Guide to Depot Charging of Electric Heavy Goods Vehicles
The IET has developed guidance to address the needs and considerations around the provision of eHGV charging solutions and the operation of eHGV fleets.
This guidance introduces the main aspects of depot electrification, as well as exploring the key technical and financial aspects. It is a reference to help all organizations concerned with HGV fleet electrification.
For large fleet operators already underway with fleet electrification, this guidance confirms their current activities and helps internal stakeholders across departments to gain a wider understanding of the electrification transition.
For medium-sized fleet operators yet to embark on fleet electrification, this guidance provides initial signposting and raises awareness. It also signals the new knowledge a fleet operator must gain for this transition.
For consultants already providing electrification advice to fleet operators, this guidance should act as a baseline reference.
Why go electric?
There are three main drivers towards fleet operators decarbonising their fleets:
- A moral imperative to do, and be seen to be doing, the right thing.
- Commercial pressure from customers for a reduction in emissions.
- Regulatory pressures – it will increasingly be mandatory to comply with national and local regulations and limits, including clean air and low emission zones.
The guidance includes:
The fundamentals:
- It provides a broad coverage of the eHGV technology and policy landscape, including an overview of current products, concepts, key considerations, terminology, the basics for operation, the organisational impact, new energy considerations and the charging infrastructure value chain.

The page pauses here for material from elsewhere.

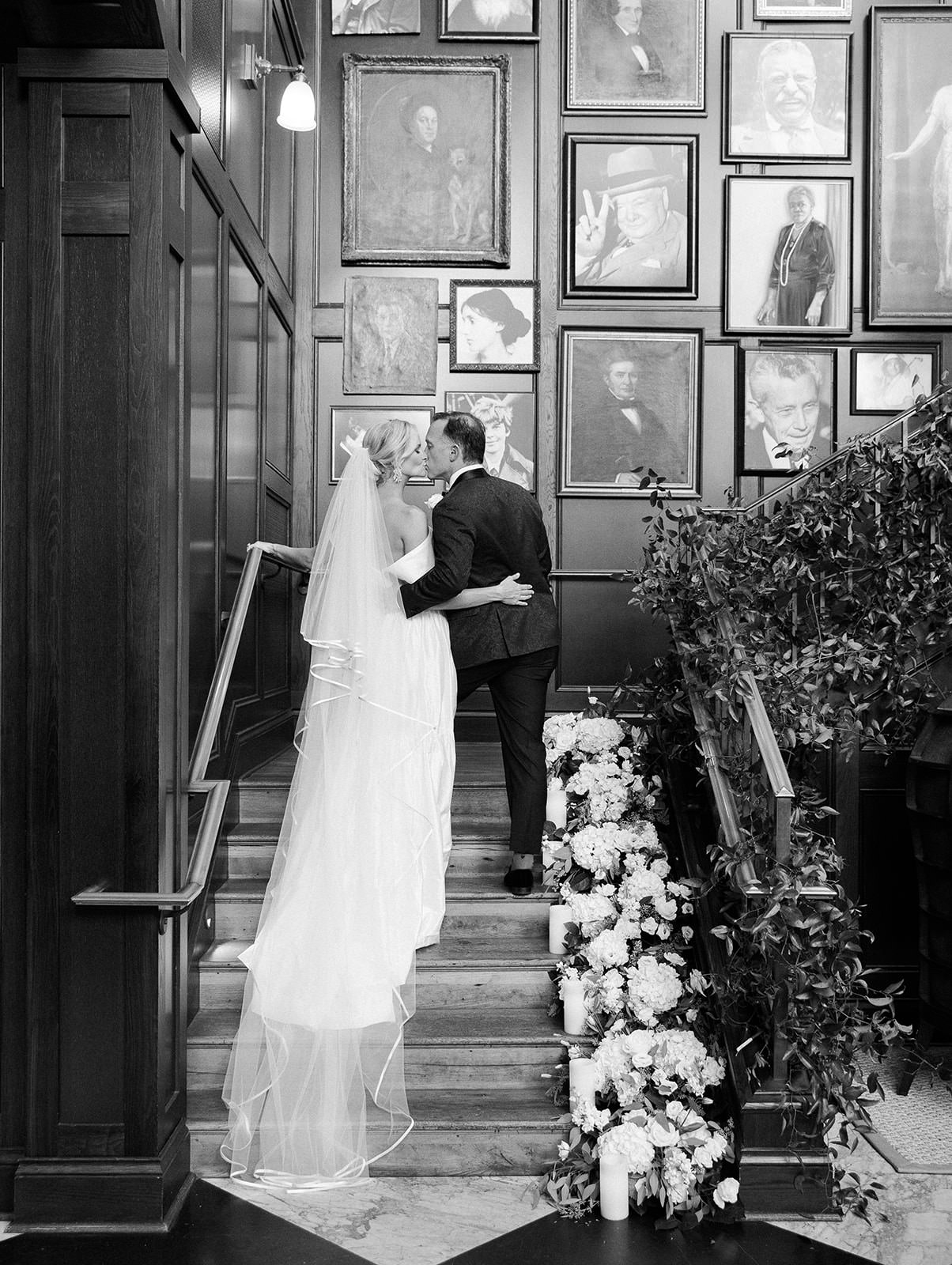 Classic Elegant Bride and Groom Kissing on Staircase | Tampa Bay Wedding Florist Botanica | Wedding Venue Oxford Exchange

The technical issues and different charging solutions:
- It’s important to understand depot charging and journey charging, usage profiles, relevant equipment and commercial models (charging as a service, asset ownership, open access), as well as being clear about the various standards in the area.
- The link between vehicle duty/operation, vehicle specifications (EV range/EV battery) capacity/recharging, efficiency and chemistry-dependent attributes, such as lifetime degradation, low-temp effects and the charging solution.
- BAU requirements such as working hours and stop times, routes (distance and topography), stopping locations (depots, customers, en-route), payload, depot space and staff capabilities.
- The EV spec – charging spec (power and connectors), charging port location, range, size and weight.
- The impact on wider stakeholders – external users, in depot locality, en-route, fleet suppliers and customers etc.
The financial considerations:
- There is no one-size-fits-all financial forecast calculation for eHGV transition. Each fleet operator’s financial scenario is inherently unique, contingent on their specific use case(s). So, it’s vital to understand the costs, business models, ownership options and the significant issues that need to be considered in understanding the differing investment, energy and operational costs involved in the transition.